Your life is a seder, and its story is a haggadah

No human story is ever complete. We always wind up skipping some pages.

Aid workers attend a multi-faith Passover Seder dinner in Przemysl, Poland, on Tuesday, April 12, 2022. Some two hundreds people attended the celebration organized by the NATAN Worldwide Disaster Relief aid organisation which includes volunteer doctors, nurses, social workers and healthcare experts who are trained to mobilize for human-made and natural disasters worldwide. (AP Photo/Sergei Grits)

I sat and talked with my friend Dave about his family’s Pesach. He told me about his father’s haggadah.

“I was thinking about how this is the tenth Pesach since my father’s death. We have a pile of haggadot that we use every year. You know, nothing special: the old Maxwell House haggadah. And then, I picked up a haggadah and opened it up. In its pages I found my father’s handwriting in pencil. It was the haggadah that he used to use when he led our seders when I was a kid. On the bottom of page 38, I saw this little notation: ‘Skip to p. 42.’ 

That was when I lost it.”


The story of Dave’s father’s haggadah is, on one level, the story of Judaism, written in miniature.

For it means that we inherit a text.
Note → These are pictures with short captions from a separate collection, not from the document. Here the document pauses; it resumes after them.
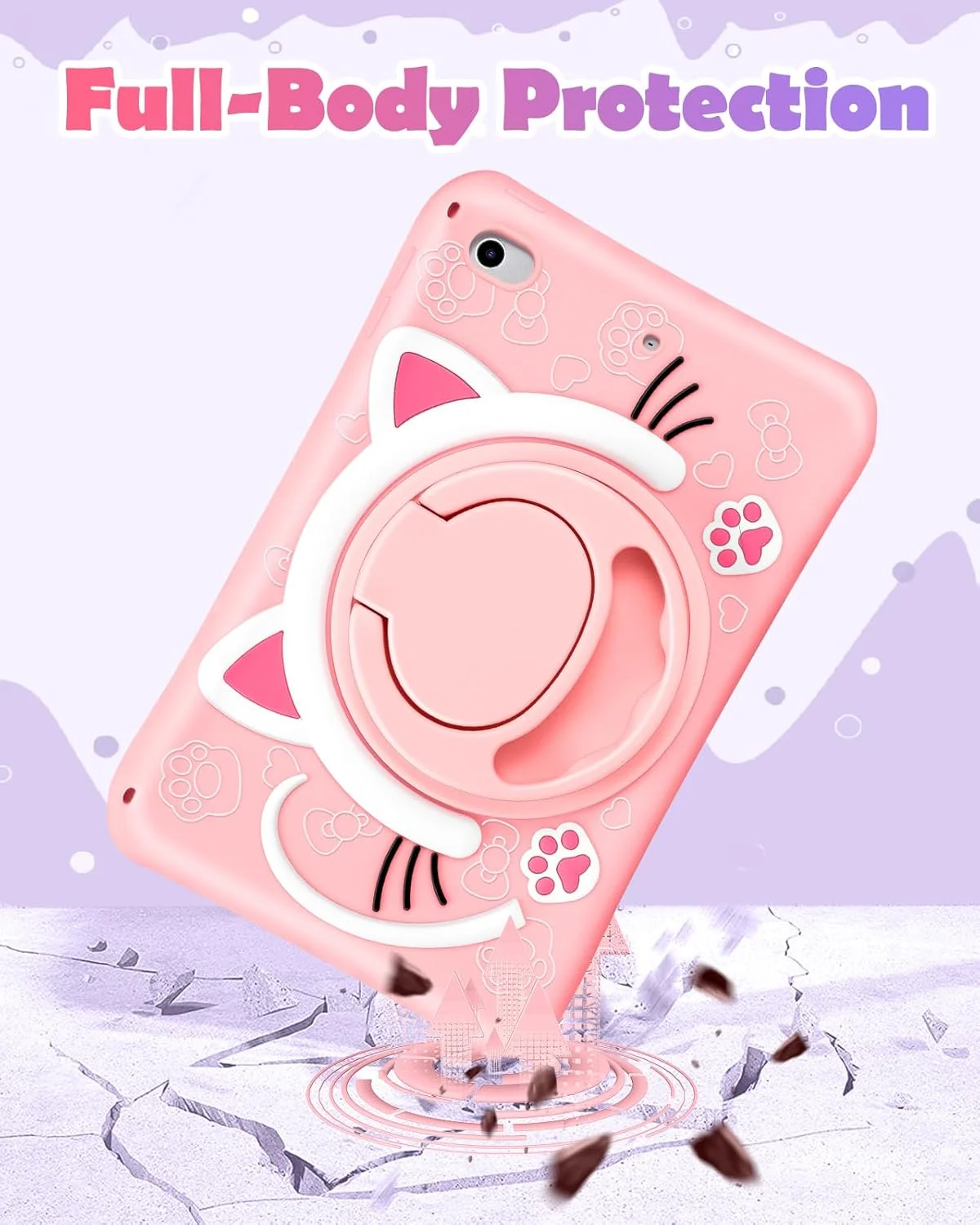 کاور سیلیکونی آیپد مینی 4/5 مدل SurgeCraft طرح گربه، 7.9 اینچ، مناسب دختران، دارای بند و استند، محافظ نرم برای آیپد مینی نسل 5 و 4 اپل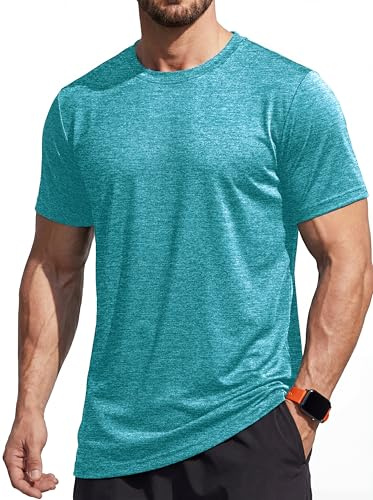 MAGCOMSEN Camisetas Manga Corta Hombre Secado Rápido Ligeras para Gimnasio Entrenamiento Running Deportiva Transpirable Fitness Ropa Verde claro, L
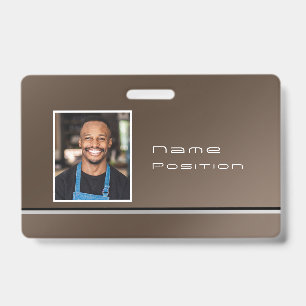 Chic Modern Business Brown ID Badge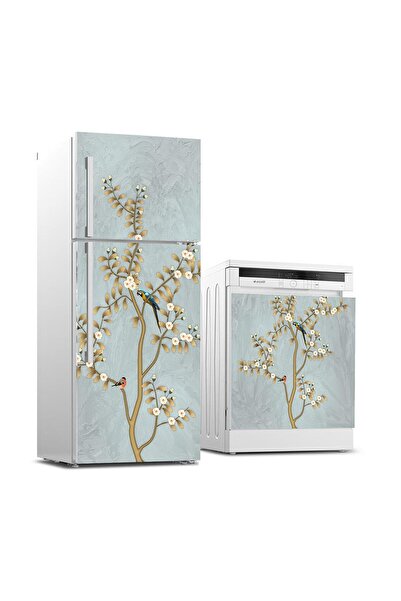 StickerArt Buzdolabı ve Bulaşık Makinası Beyaz Eşya Sticker Kaplama Kuş Ağaç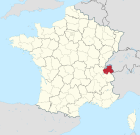 Lage des Departements Haute-Savoie in Frankreich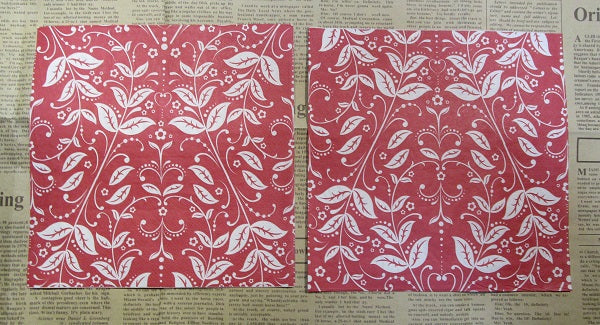 Paper Napkins (Pack of 2) Red and White Holly Swirls Christmas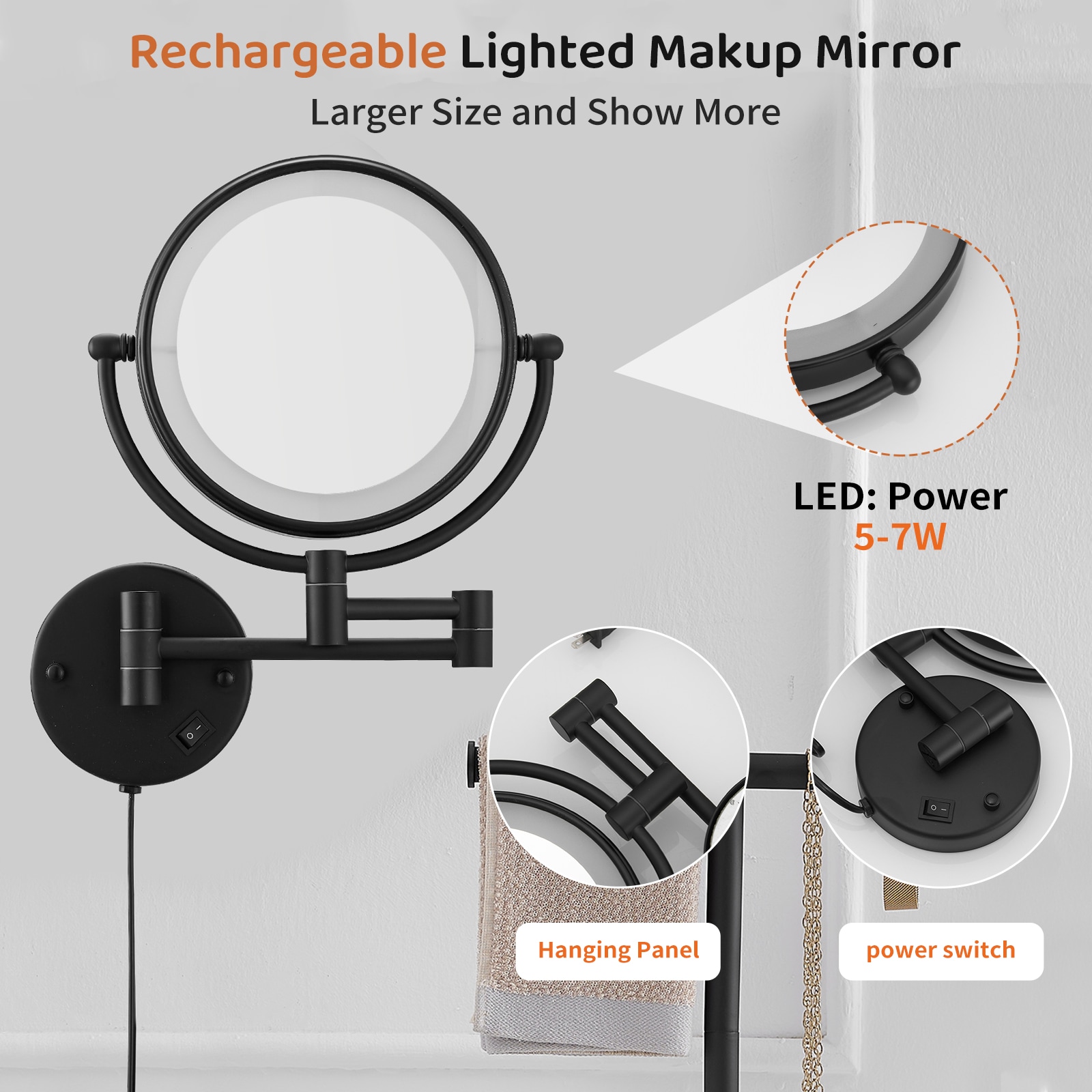 BWE A-9MML001-B Makeup-Mirrors - View #3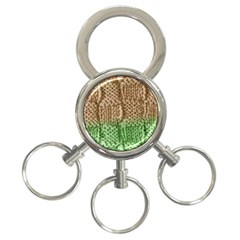 Knitted Wool Square Beige Green 3-ring Key Chains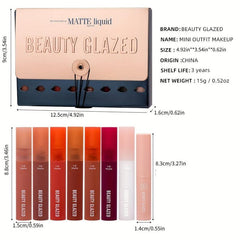 8 Colors Matte & Metallic Lipstick Glaze Set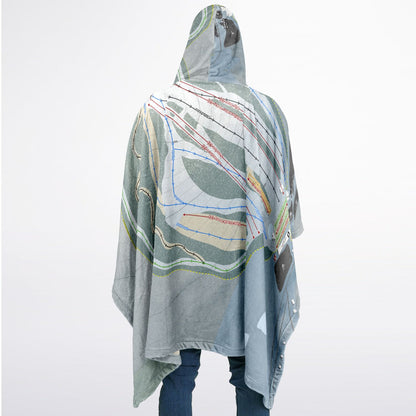 Ski Brule, Michigan Ski Resort Map Flannel Blanket Poncho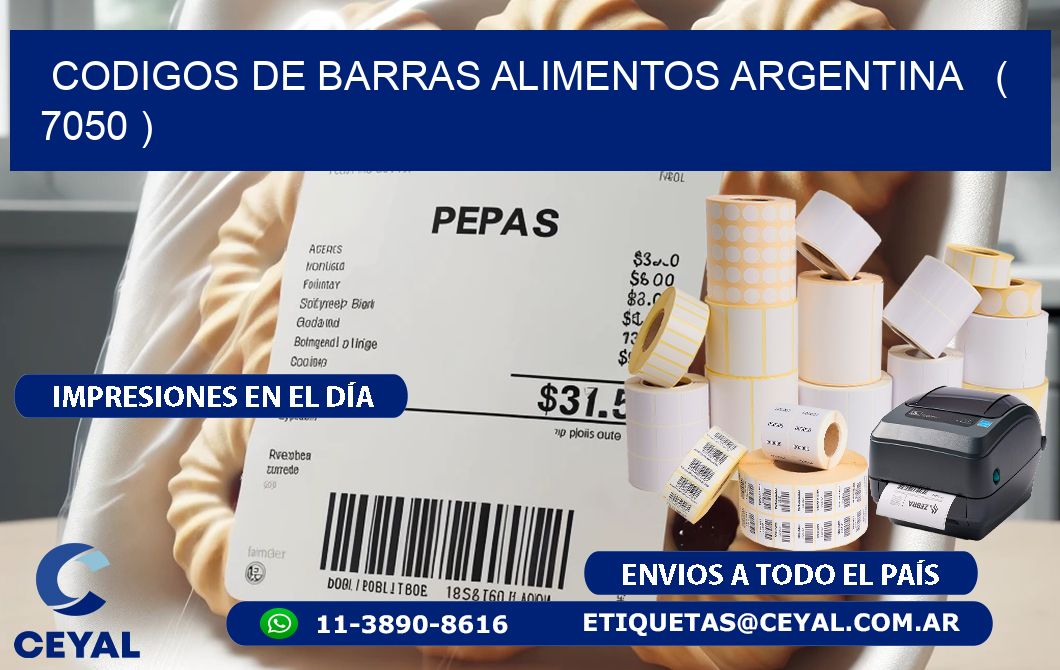 CODIGOS DE BARRAS ALIMENTOS ARGENTINA   ( 7050 )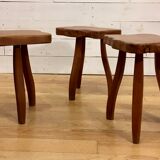 Brutalist tripod stools in solid elm, France 1960
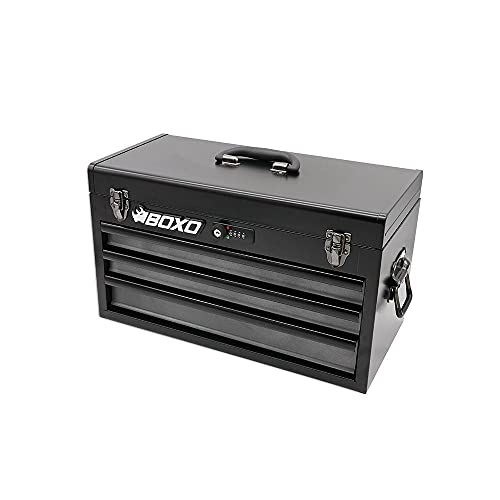BOXO USA Heavy Duty 159 pcs Metric & SAE Tool Set with 3 Drawers Carry Box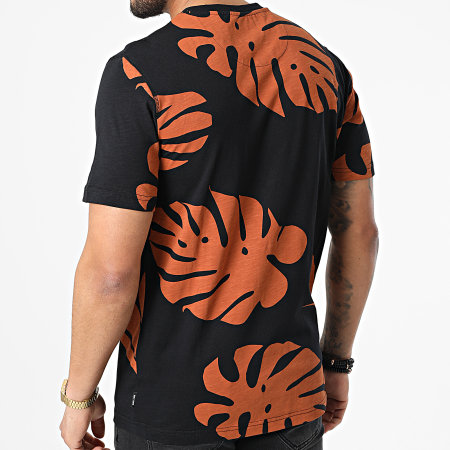 Only And Sons - Walter Millenium Tee Shirt Nero Arancione Floreale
To be an authentic Jew you must be an actor in a drama. You must be one who can say like the servant in the story of Job: I, only I, am left to tell the tale. For to us has been entrusted a tale, a vision, a dream — and to be a Jew is to tell the story.

On another level, it’s the story of Jewish renewal. Jewish history is always about finding and recovering the lost book. The scholar of Yiddish literature, David Roskies, once called the Jews “the people of the lost book.” We are those who constantly find and renew the past

On yet another level, the story of Dave’s father’s haggadah is about personal Jewish renewal. For the hidden book that we find contains pencil markings telling us which pages to skip.

Pay close attention. For each of us has inherited a book from the Jewish past. And in each edition of the book, there are pencil markings that say which pages to skip.

Translation: Some things are in our understanding of Judaism, and what it wants us to do, and some things are not.

We non-Orthodox Jews live with our own symbolic haggadot with pencil markings about which pages to skip – about the things we leave out of our Judaism.


But pay attention again: The notations that say “skip to page 42” are written not in ink. They are written in pencil, the great writing instrument of transience. The Hebrew word for pencil is iparon, from the Hebrew word afar, which means “dust.”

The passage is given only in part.